In the entries that follow, the lines from the line containing "T Shirt Denver" up to and including the line containing "Sweatpants Of My Life Card" must be copied exactly, with pictures omitted.

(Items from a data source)
--- START ---

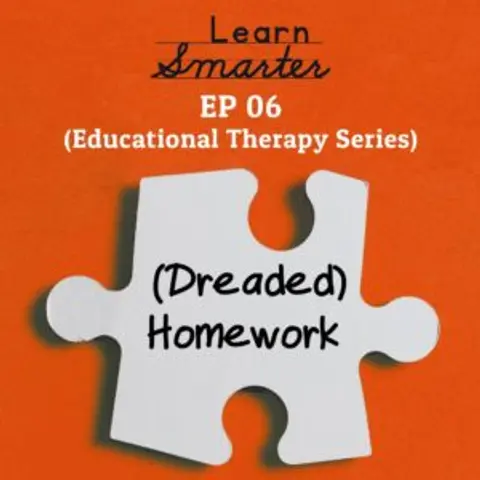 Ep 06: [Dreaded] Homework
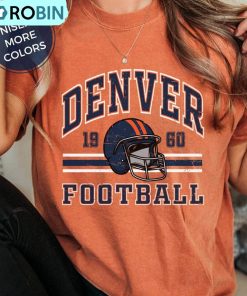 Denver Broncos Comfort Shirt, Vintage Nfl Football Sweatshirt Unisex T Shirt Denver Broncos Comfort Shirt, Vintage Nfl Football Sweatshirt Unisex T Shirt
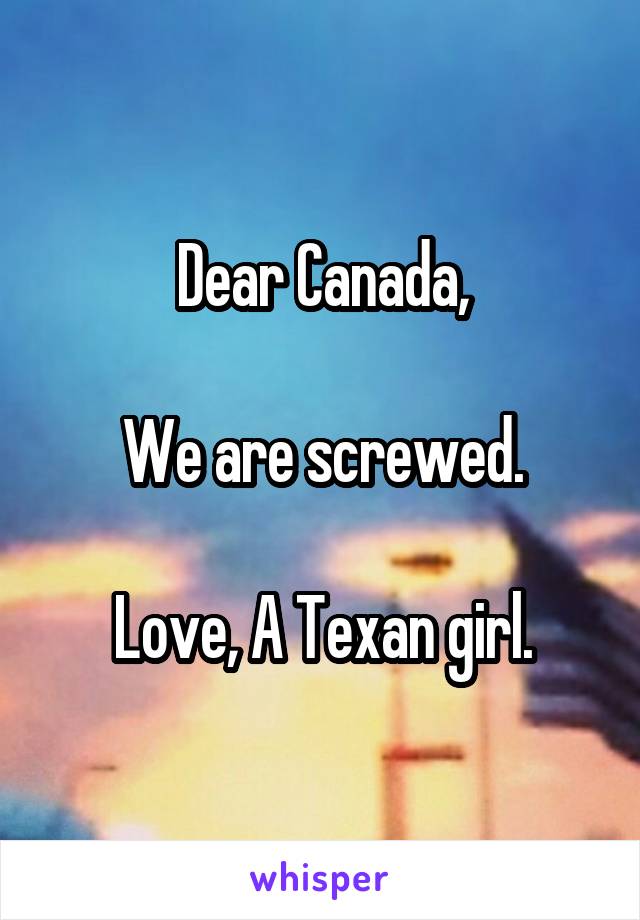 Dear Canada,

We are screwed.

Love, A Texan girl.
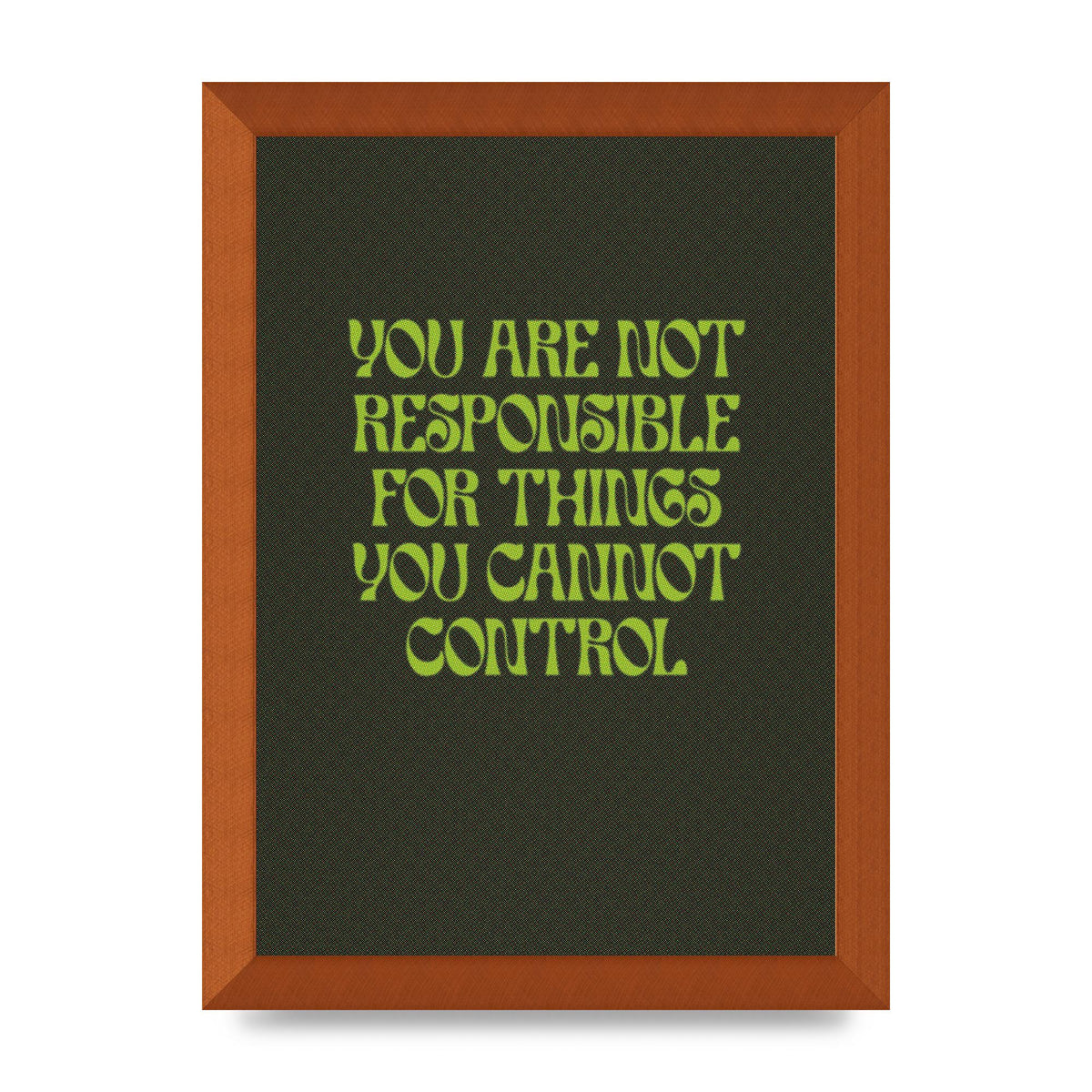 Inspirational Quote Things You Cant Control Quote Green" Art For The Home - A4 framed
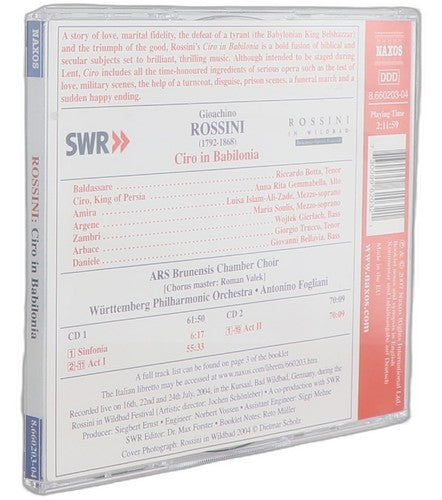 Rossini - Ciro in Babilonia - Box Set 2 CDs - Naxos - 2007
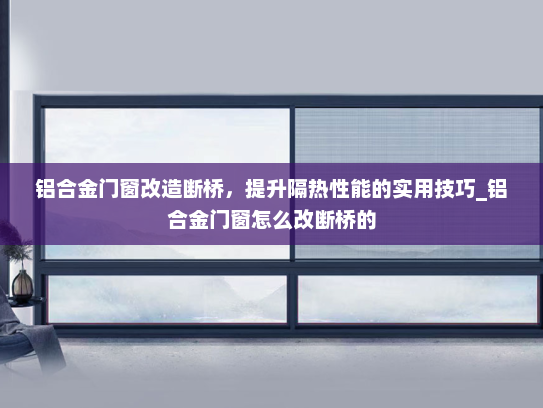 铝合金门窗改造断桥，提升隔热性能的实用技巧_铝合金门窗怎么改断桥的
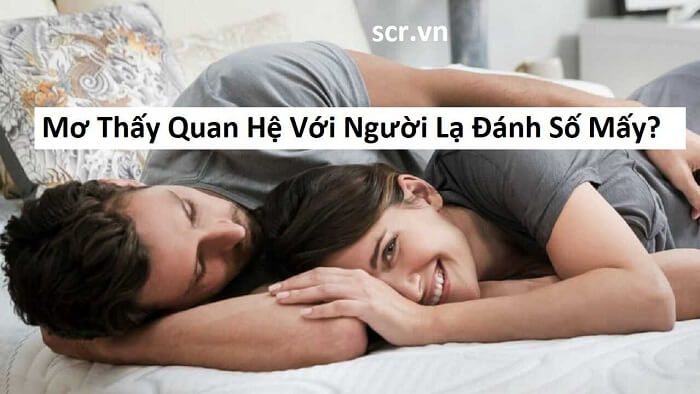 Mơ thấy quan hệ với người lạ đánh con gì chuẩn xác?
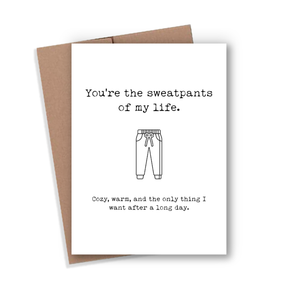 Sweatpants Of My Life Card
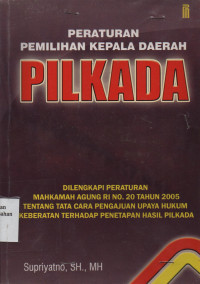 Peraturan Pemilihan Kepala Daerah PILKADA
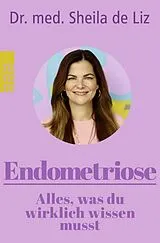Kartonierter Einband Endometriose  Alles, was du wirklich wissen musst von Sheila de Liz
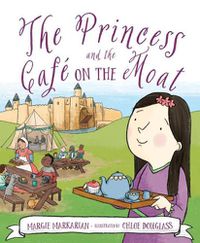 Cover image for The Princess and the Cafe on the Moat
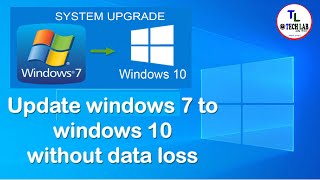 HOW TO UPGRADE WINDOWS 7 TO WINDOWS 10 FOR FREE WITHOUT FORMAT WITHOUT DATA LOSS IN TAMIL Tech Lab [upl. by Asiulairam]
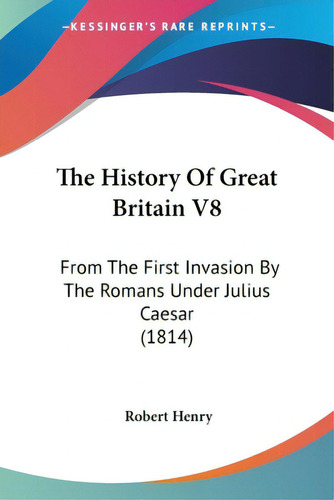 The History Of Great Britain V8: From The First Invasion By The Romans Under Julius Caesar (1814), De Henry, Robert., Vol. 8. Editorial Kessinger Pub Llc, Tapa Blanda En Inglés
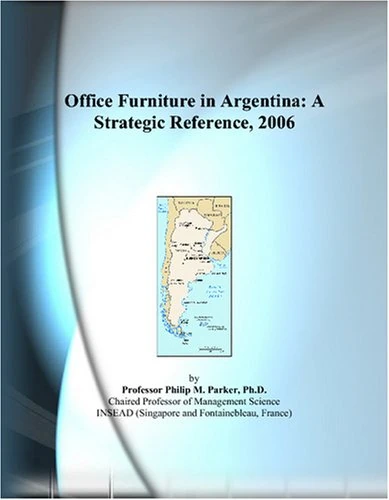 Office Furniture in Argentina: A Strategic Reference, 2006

--- END ---

SOLUTION TO THIS PROBLEM
 Denver Broncos Comfort Shirt, Vintage Nfl Football Sweatshirt Unisex T Shirt Denver Broncos Comfort Shirt, Vintage Nfl Football Sweatshirt Unisex T Shirt
 Dear Canada,

We are screwed.

Love, A Texan girl.
 Inspirational Quote Things You Cant Control Quote Green" Art For The Home - A4 framed
 Rossini - Ciro in Babilonia - Box Set 2 CDs - Naxos - 2007
 铝合金门窗改造断桥，提升隔热性能的实用技巧_铝合金门窗怎么改断桥的
 Mơ thấy quan hệ với người lạ đánh con gì chuẩn xác?
 Sweatpants Of My Life Card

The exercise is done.